O que pode causar a incapacidade de um homem obter ou manter uma ereção?
O termo “homem não conseguir ficar ereto” refere-se, na prática clínica, à disfunção erétil (DE), uma condição caracterizada pela incapacidade persistente ou recorrente de obter ou manter uma ereção suficiente para a realização de uma atividade sexual satisfatória. A DE pode ter causas orgânicas, psicológicas ou mistas, e sua prevalência aumenta com a idade, embora não seja uma consequência inevitável do envelhecimento.

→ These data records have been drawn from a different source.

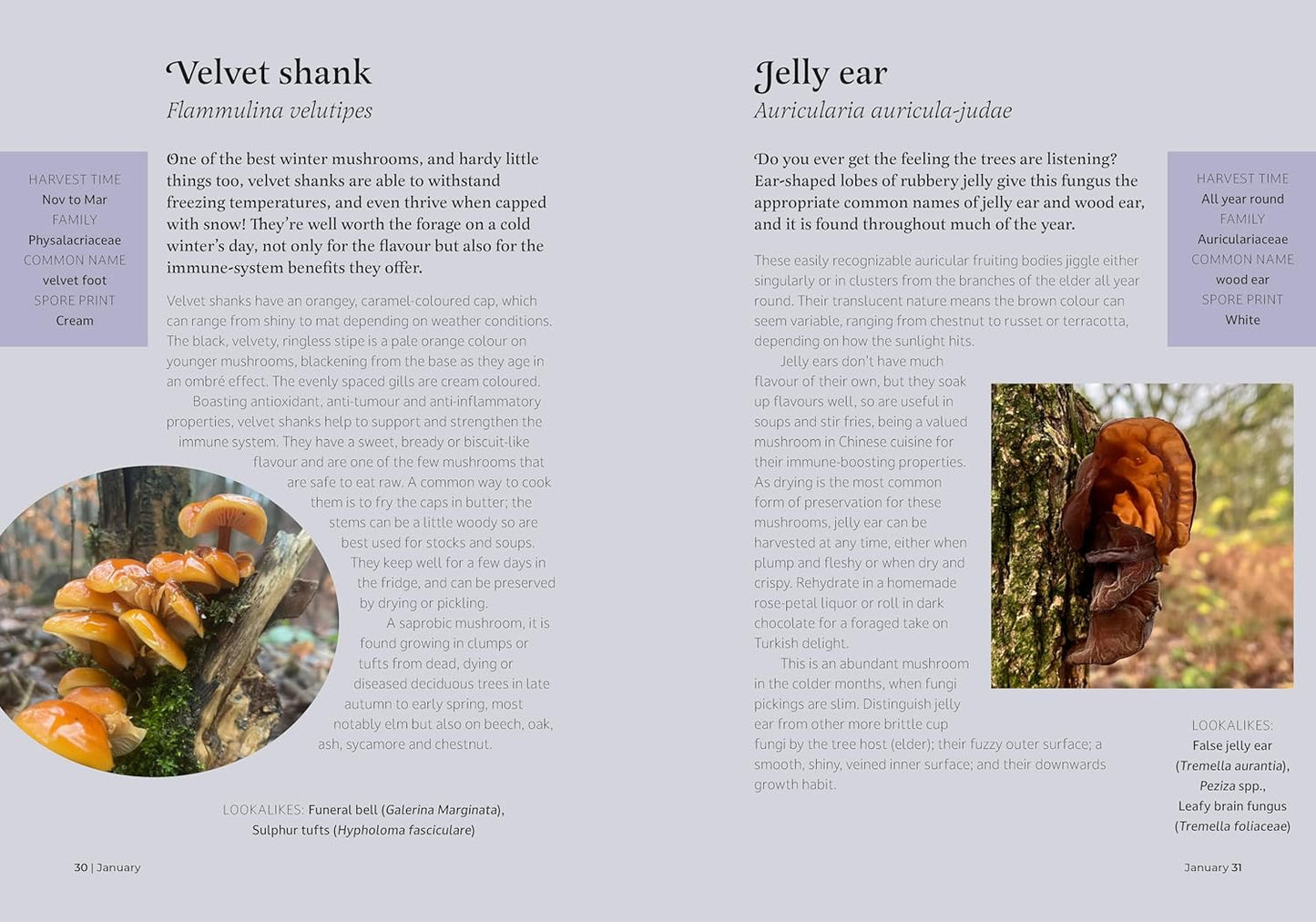 The Forager's Almanac: A year of sustainable gathering, growing, recipes and wildcraft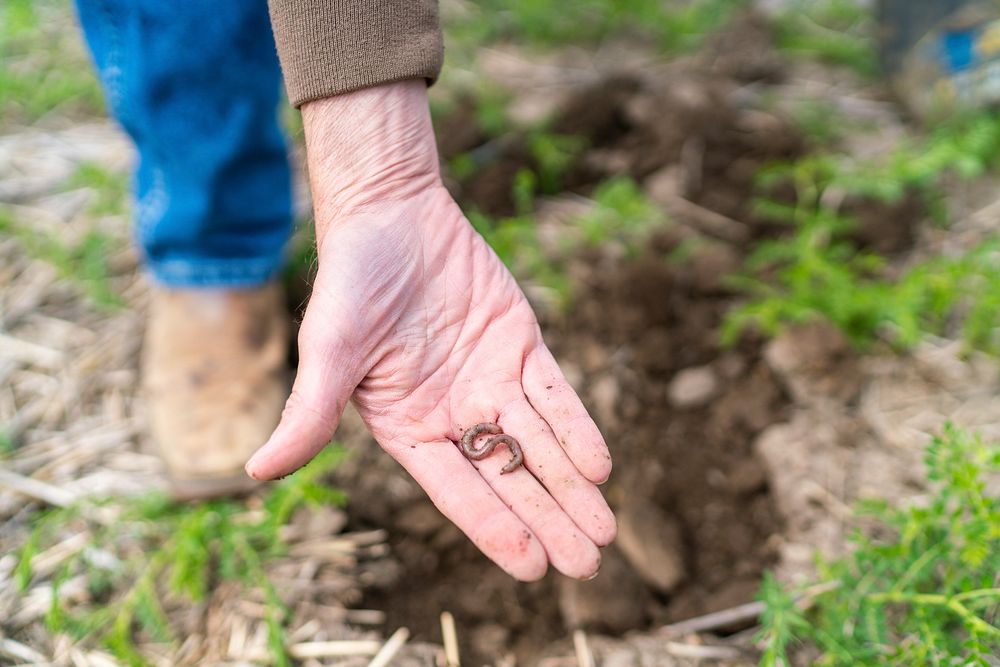 Earthworms are an indication good soil health. Fauque Farm, Toole County, Montana. June 2020.. Original public domain image…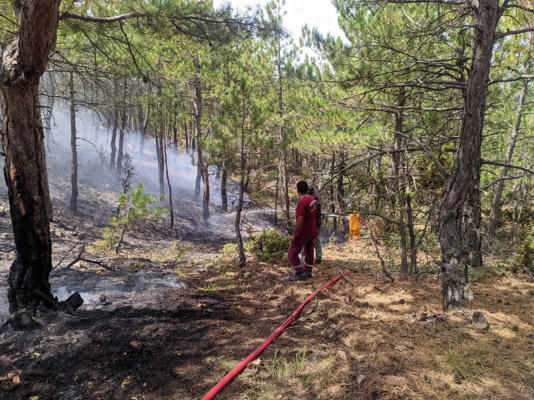 Yukarı Kuzfındık Mahallesi’nden de gelen gönüllülerinde desteği ile orman yangını kısa sürede söndürüldü.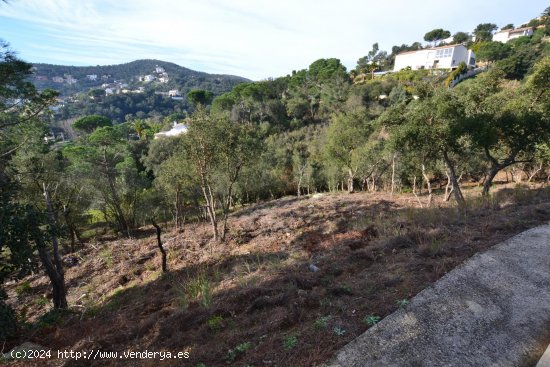 Suelo urbano en venta  en Calonge - Girona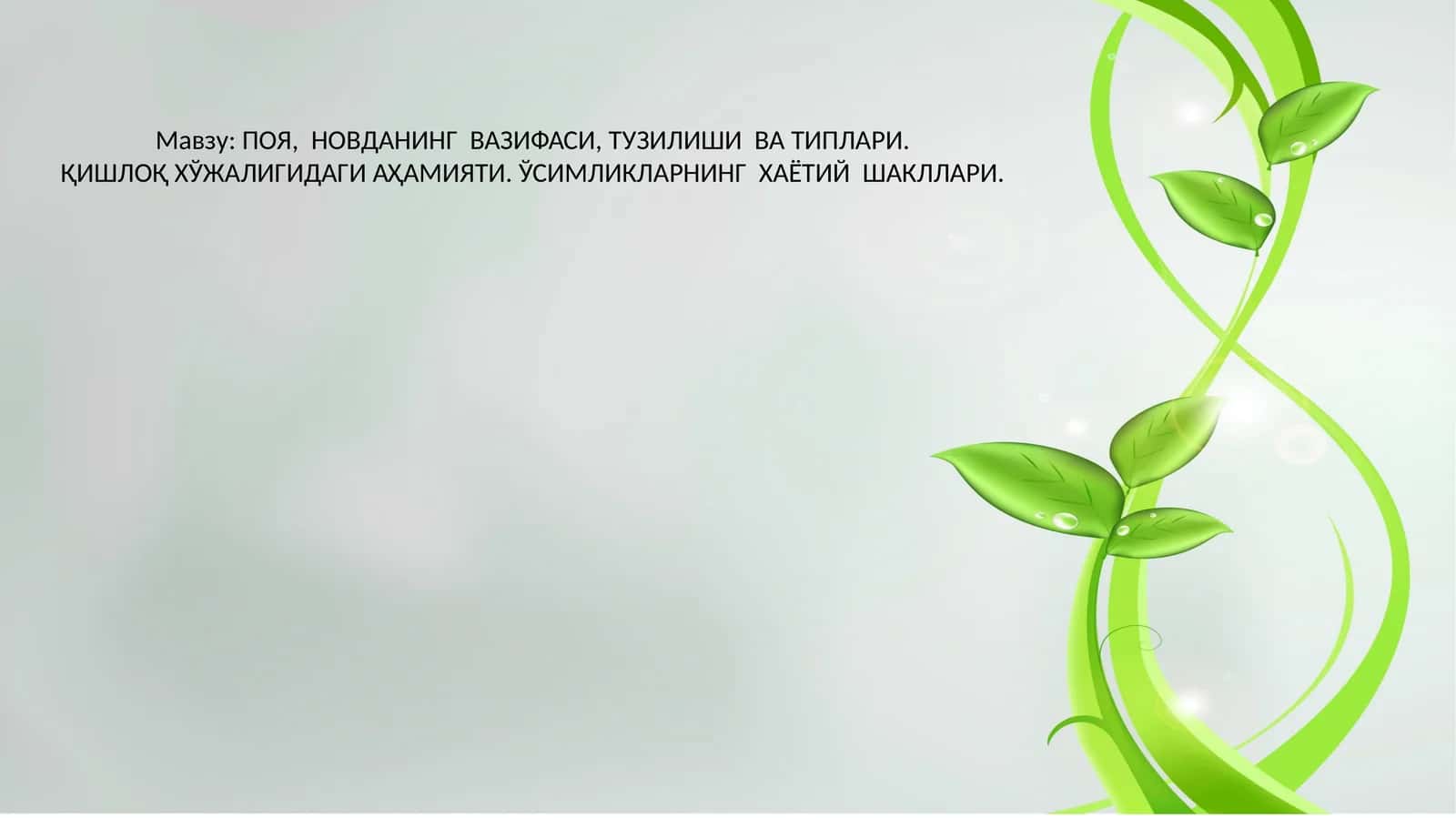 ПОЯ, НОВДАНИНГ ВАЗИФАСИ, ТУЗИЛИШИ ВА ТИПЛАРИ 1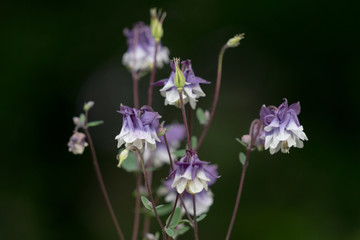 Akelei: eine filigrane, anspruchslose, meist im Mai blühendes Hahnenfußgewächs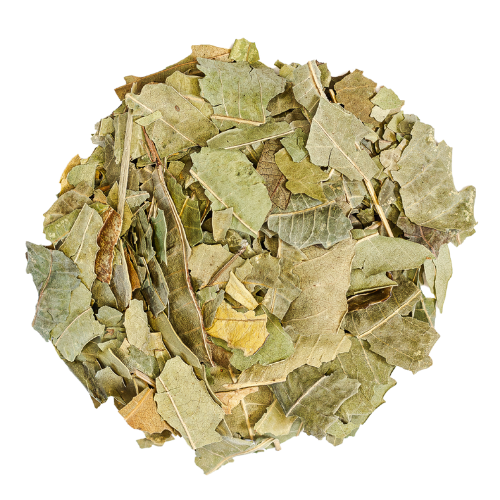neem leaf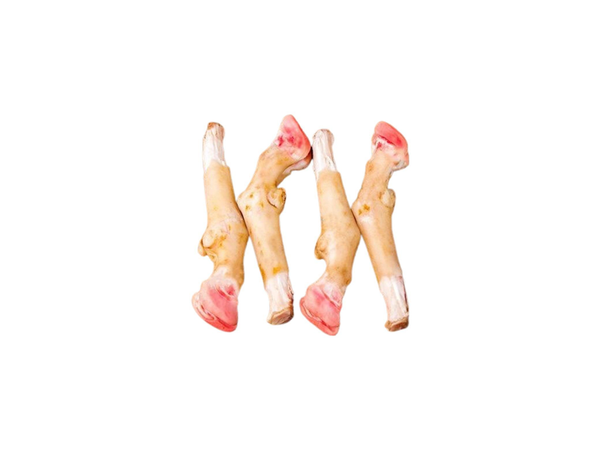 Lamb-Paya-Burn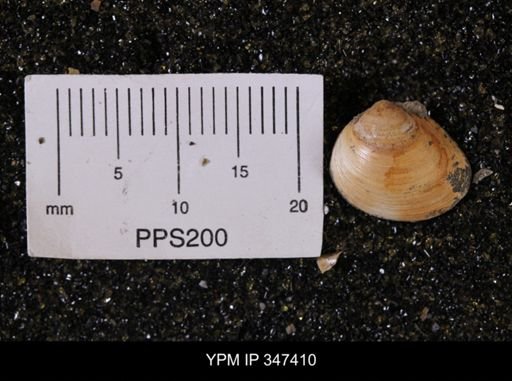 Limopsis striatopunctatus
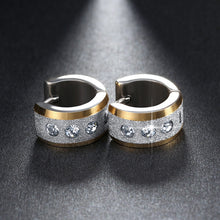 Load image into Gallery viewer, Gold Color 316L Stainless Steel Zircon Crystal Stud Earrings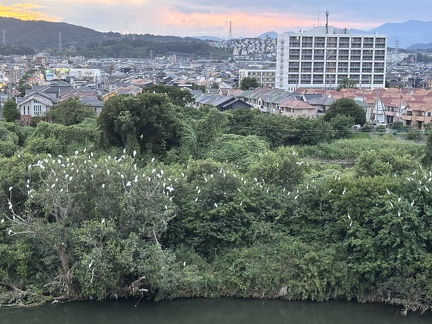 しらさぎねぐら2025.08.15 18時30分平塚大橋北（撮影　岩田国弘）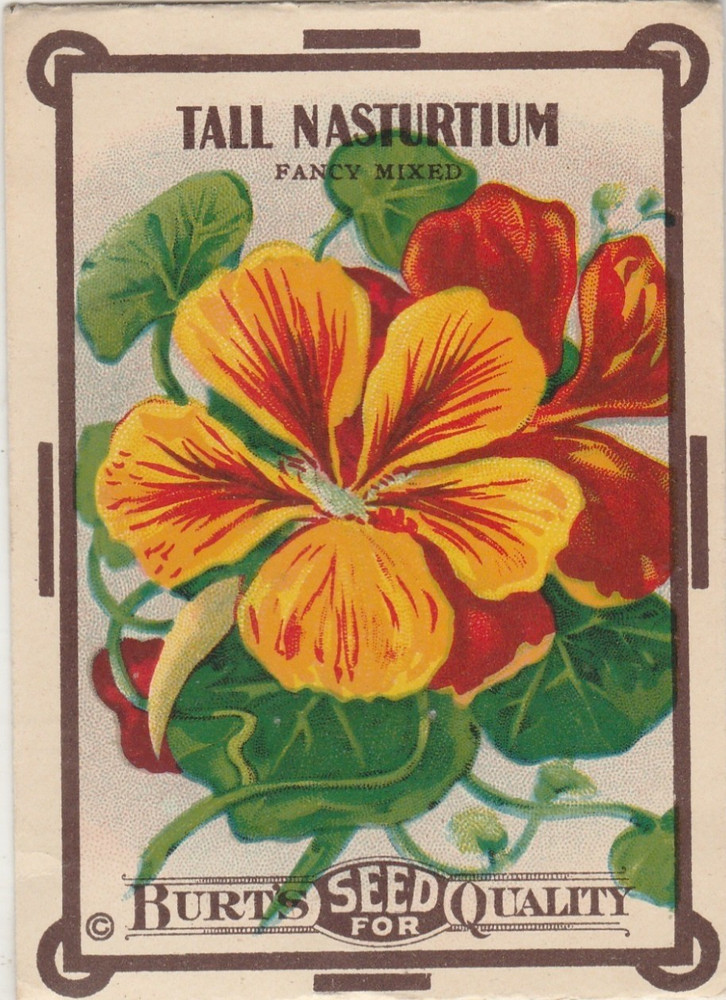 Two 100 Year Old Seed Packets-Empty-William Burt-Dalton-New York-NY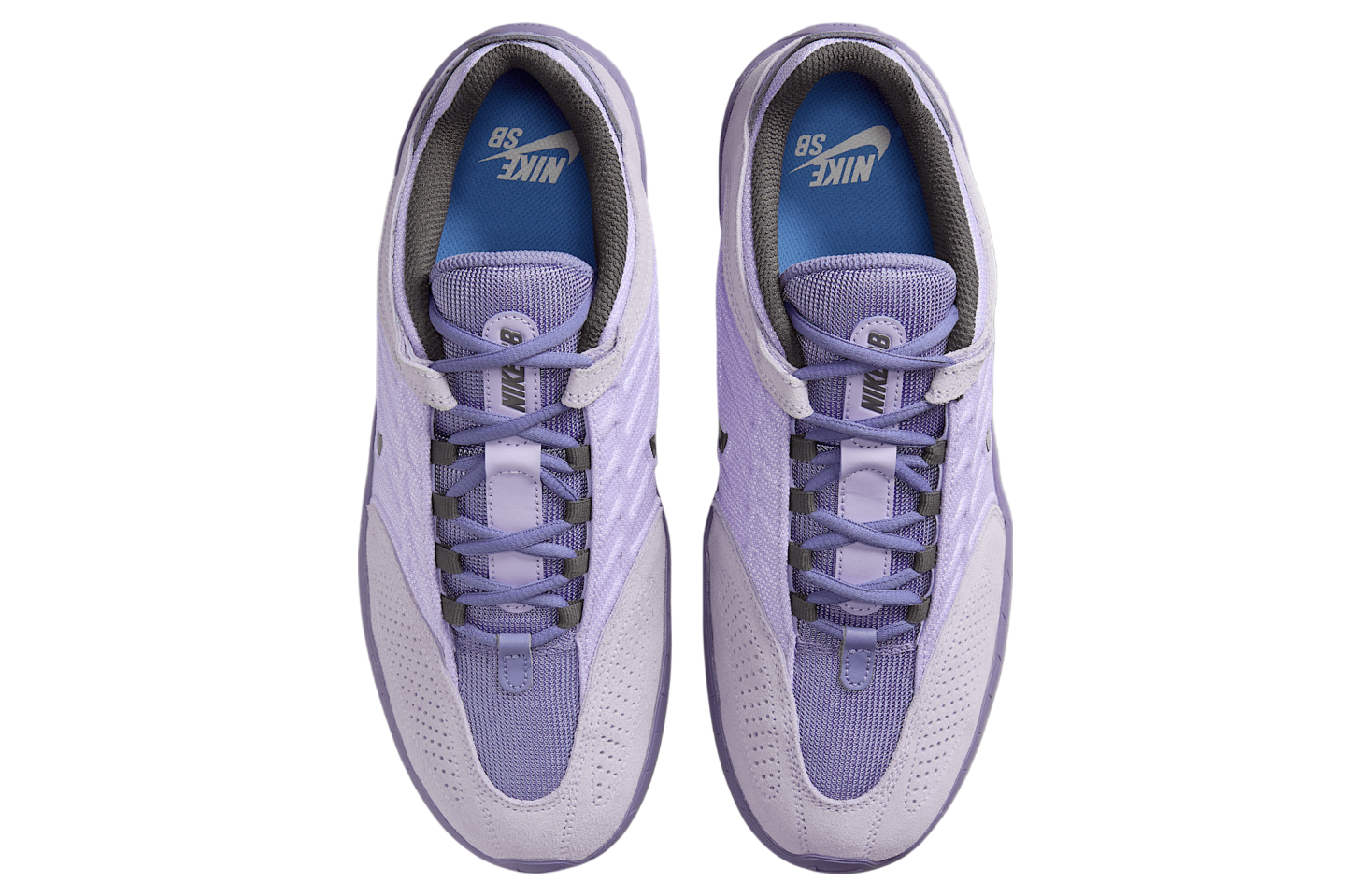 Nike SB Vertebrae Hydrangeas / Dusty Amethyst - Mar 2025  display picture 3
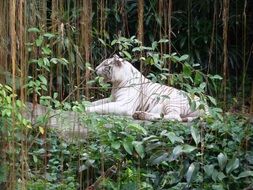 Singapore White Tiger in the thickets at the zoo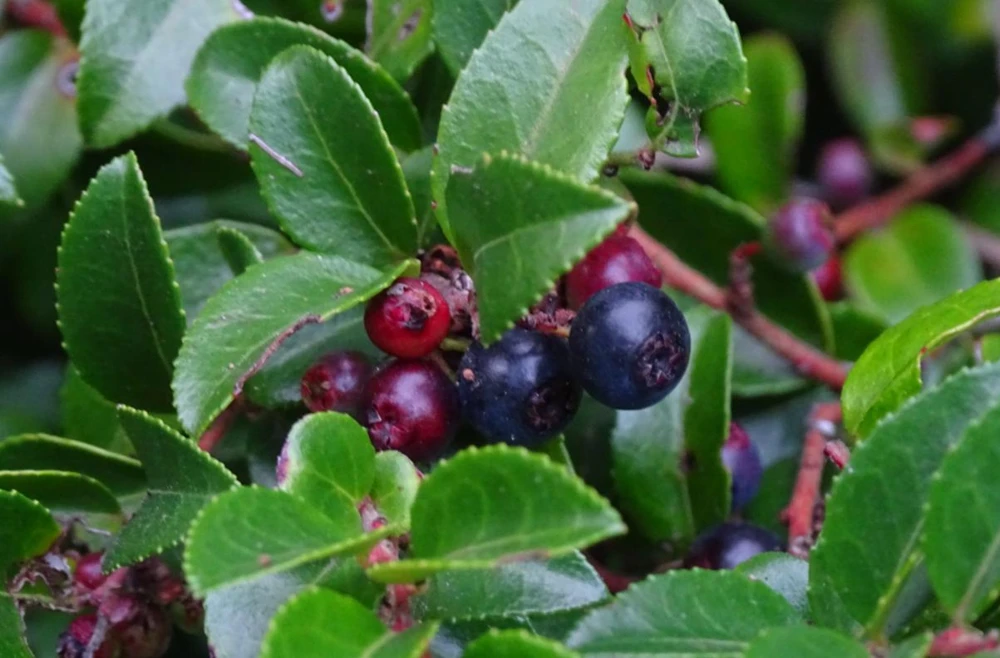 Evergreen Huckleberry Live Plants – Set of 6 – Vaccinium ovatum – 3-7" Tall – 3" Pots – Edible Berries - Image 7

As causas orgânicas incluem alterações vasculares (como aterosclerose, hipertensão arterial e dislipidemia), distúrbios endócrinos (ex.: hipogonadismo, diabetes mellitus mal controlado, hipotireoidismo), doenças neurológicas (ex.: esclerose múltipla, lesões medulares, neuropatia diabética), efeitos colaterais de medicamentos (antidepressivos, anti-hipertensivos, antipsicóticos), consumo excessivo de álcool ou tabagismo crônico, além de cirurgias pélvicas ou radioterapia que afetem os nervos ou vasos cavernosos do pênis.
As causas psicológicas envolvem ansiedade de desempenho, depressão, estresse crônico, conflitos conjugais, traumas sexuais prévios ou crenças disfuncionais sobre a sexualidade. Em muitos casos, há uma interação bidirecional entre fatores físicos e emocionais — por exemplo, uma disfunção inicial de origem orgânica pode desencadear ansiedade, que por sua vez agrava ou perpetua o problema.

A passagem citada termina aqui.